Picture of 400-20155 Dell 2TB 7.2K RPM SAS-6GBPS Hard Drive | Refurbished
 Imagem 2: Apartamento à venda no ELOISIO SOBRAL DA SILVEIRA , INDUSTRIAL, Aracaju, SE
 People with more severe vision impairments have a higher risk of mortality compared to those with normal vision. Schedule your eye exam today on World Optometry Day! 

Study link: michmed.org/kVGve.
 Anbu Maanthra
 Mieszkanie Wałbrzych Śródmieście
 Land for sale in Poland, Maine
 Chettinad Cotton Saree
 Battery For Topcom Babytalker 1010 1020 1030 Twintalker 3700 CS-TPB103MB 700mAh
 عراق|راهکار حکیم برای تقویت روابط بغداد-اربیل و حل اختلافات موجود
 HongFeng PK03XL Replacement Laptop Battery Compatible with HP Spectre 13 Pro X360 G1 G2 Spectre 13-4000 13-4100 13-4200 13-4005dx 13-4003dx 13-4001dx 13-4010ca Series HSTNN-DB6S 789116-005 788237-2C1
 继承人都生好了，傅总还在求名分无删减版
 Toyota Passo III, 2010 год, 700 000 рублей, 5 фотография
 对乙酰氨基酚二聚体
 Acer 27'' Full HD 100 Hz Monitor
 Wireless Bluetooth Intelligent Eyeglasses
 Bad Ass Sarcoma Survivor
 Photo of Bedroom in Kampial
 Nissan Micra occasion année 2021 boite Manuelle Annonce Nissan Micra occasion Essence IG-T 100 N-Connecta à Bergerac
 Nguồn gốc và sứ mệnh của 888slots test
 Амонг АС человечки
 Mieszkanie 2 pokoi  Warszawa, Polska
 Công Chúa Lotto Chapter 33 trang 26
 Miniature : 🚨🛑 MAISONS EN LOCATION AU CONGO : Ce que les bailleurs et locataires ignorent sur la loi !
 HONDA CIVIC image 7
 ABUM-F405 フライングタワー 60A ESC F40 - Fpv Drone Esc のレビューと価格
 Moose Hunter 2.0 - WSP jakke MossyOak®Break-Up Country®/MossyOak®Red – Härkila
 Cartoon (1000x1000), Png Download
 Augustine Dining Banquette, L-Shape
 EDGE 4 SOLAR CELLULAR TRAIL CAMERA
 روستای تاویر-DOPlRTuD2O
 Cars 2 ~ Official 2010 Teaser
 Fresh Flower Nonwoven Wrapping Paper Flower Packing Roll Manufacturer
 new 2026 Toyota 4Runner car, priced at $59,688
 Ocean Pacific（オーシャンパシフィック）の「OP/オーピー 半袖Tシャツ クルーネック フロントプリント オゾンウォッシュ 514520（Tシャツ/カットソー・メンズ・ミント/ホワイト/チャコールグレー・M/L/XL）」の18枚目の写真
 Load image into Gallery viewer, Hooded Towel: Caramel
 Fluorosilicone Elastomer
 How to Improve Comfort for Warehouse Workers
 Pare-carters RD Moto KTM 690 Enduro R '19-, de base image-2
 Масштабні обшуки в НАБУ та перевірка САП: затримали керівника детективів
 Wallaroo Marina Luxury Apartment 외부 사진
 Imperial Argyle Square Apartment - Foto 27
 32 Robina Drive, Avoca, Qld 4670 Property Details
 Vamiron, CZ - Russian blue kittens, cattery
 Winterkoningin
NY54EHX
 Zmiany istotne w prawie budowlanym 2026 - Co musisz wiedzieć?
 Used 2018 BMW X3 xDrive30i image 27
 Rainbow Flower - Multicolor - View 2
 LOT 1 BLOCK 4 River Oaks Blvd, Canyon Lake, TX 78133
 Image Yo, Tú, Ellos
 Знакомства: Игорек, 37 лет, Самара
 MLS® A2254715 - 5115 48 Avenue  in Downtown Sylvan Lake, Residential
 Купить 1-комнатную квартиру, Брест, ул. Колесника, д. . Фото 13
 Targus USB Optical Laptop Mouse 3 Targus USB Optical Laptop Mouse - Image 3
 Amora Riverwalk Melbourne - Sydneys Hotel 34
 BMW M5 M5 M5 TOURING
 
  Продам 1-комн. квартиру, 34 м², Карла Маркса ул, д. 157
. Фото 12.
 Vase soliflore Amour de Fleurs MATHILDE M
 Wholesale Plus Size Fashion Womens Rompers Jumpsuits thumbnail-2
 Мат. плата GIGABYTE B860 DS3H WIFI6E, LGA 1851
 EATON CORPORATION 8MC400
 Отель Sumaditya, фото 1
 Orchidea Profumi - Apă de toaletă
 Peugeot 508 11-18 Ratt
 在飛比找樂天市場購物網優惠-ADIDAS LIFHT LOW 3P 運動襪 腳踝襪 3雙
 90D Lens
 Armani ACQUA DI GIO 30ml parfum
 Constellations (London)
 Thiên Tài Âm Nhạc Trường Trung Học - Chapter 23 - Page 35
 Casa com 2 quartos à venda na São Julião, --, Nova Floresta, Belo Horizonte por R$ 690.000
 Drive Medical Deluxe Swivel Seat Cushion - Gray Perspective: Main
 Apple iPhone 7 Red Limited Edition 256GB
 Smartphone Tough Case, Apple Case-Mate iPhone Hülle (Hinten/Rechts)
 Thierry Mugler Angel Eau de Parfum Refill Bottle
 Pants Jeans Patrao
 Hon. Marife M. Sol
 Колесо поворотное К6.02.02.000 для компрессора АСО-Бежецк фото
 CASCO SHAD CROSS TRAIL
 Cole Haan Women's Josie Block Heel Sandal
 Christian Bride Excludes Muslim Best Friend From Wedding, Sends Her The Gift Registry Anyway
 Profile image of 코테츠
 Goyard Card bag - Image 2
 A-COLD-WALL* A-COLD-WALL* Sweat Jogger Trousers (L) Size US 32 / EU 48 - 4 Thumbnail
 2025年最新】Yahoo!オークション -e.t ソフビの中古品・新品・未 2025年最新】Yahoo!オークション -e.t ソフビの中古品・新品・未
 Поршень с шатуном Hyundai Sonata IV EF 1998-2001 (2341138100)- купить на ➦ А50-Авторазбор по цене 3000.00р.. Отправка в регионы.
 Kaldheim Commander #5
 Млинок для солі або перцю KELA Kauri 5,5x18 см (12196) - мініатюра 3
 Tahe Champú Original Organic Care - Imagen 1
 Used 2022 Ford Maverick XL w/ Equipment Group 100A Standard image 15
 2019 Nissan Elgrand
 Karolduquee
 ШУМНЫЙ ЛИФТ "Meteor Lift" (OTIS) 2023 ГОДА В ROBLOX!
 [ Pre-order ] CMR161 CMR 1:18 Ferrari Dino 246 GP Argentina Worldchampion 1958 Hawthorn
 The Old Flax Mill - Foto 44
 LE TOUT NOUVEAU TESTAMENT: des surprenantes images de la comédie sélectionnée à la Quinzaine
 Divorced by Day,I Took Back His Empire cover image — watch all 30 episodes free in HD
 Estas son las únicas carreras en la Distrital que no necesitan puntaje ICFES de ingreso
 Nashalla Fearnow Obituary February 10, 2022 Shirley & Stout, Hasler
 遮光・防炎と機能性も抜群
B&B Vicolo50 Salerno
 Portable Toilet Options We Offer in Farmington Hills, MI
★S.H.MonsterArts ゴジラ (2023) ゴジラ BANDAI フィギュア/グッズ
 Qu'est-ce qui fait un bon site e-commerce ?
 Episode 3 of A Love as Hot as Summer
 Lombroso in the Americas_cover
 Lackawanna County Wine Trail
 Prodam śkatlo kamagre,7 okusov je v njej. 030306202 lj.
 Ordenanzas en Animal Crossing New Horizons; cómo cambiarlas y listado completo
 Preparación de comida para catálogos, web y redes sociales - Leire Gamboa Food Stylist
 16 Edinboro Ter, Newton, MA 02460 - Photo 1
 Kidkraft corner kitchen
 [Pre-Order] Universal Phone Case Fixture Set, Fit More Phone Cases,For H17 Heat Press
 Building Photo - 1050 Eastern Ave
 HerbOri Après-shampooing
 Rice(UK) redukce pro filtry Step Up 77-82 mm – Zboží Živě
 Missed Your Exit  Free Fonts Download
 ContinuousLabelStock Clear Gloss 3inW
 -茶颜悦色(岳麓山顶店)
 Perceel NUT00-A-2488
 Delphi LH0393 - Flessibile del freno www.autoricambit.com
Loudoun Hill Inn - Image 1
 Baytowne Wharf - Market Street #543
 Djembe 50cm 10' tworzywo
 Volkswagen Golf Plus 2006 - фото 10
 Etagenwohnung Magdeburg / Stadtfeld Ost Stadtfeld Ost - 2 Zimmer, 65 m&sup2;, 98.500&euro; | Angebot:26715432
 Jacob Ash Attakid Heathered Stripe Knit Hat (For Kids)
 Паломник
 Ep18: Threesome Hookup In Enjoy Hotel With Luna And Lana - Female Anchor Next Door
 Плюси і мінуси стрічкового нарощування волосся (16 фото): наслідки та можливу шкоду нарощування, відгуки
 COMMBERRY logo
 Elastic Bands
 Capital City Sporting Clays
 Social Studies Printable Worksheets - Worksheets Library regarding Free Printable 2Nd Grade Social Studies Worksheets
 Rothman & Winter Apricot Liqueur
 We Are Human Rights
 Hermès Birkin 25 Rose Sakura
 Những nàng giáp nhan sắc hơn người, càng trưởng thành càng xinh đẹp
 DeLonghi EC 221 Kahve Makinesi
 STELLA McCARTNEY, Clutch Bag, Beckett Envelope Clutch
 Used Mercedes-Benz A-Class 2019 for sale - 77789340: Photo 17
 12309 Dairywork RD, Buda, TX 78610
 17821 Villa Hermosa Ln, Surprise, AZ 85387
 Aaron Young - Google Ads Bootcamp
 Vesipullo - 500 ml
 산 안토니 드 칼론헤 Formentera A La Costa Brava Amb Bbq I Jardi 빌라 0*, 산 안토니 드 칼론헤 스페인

────────────────────

Work request: Throughout the material above, find every line holding "Used" and copy it.

Result:
 Used 2018 BMW X3 xDrive30i image 27
 Used 2022 Ford Maverick XL w/ Equipment Group 100A Standard image 15
 Used Mercedes-Benz A-Class 2019 for sale - 77789340: Photo 17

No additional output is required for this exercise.